How do I refer to extracted start and end dates in order to sample a timeseries with date_range?
I get now 'DataFrame' object has no attribute 'date_range'.' (I would be happy with any solution that does not cause error with the sampling start and end dates that differ typically for different SNs).
In:
import pandas as pd
import numpy as np
df = pd.read_csv("csv.csv", sep=';', error_bad_lines=False)
df['TimeDate'] = pd.to_datetime(df['TimeDate'],dayfirst=True)
gdf = df.groupby(['SN'],as_index = False)
dates = pd.DataFrame(gdf.nth(0)) # pd.DataFrame used here to avoid a SettingwithCopyWarning.
dates['StartD'] = gdf.nth(0)['TimeDate'].array
dates['EndD'] = gdf.nth(-1)['TimeDate'].array
# Little bit odd -> managed to write the first rows only.
df = df.join(dates.reindex(columns=['StartD', 'EndD']))
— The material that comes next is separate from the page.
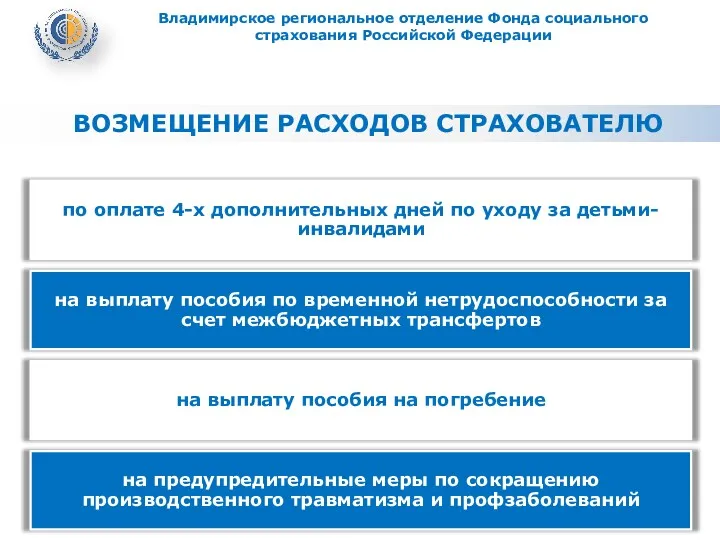 ВОЗМЕЩЕНИЕ РАСХОДОВ СТРАХОВАТЕЛЮ Владимирское региональное отделение Фонда социального страхования Российской Федерации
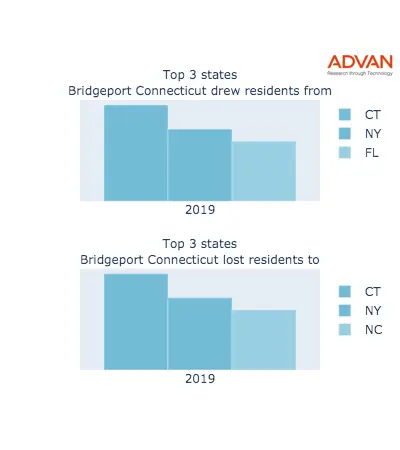Bridgeport states migration 2019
# Grouping by 'SN'. -> Trying to samnple
gdf = df.groupby(['SN'],as_index = False)
for k, gp in gdf:
print('key=' + str(k))
print(gp.date_range(start=gdf['StartD'], end=gdf['EndD'], freq='D'))
Out:
SN TimeDate ... StartD EndD
0 sn000066 2016-09-28 00:01:00 ... 2016-09-28 00:01:00 2016-10-03 23:59:00
1 sn000066 2016-09-29 00:01:00 ...
...
n sn000066 2016-10-02 00:01:00 ...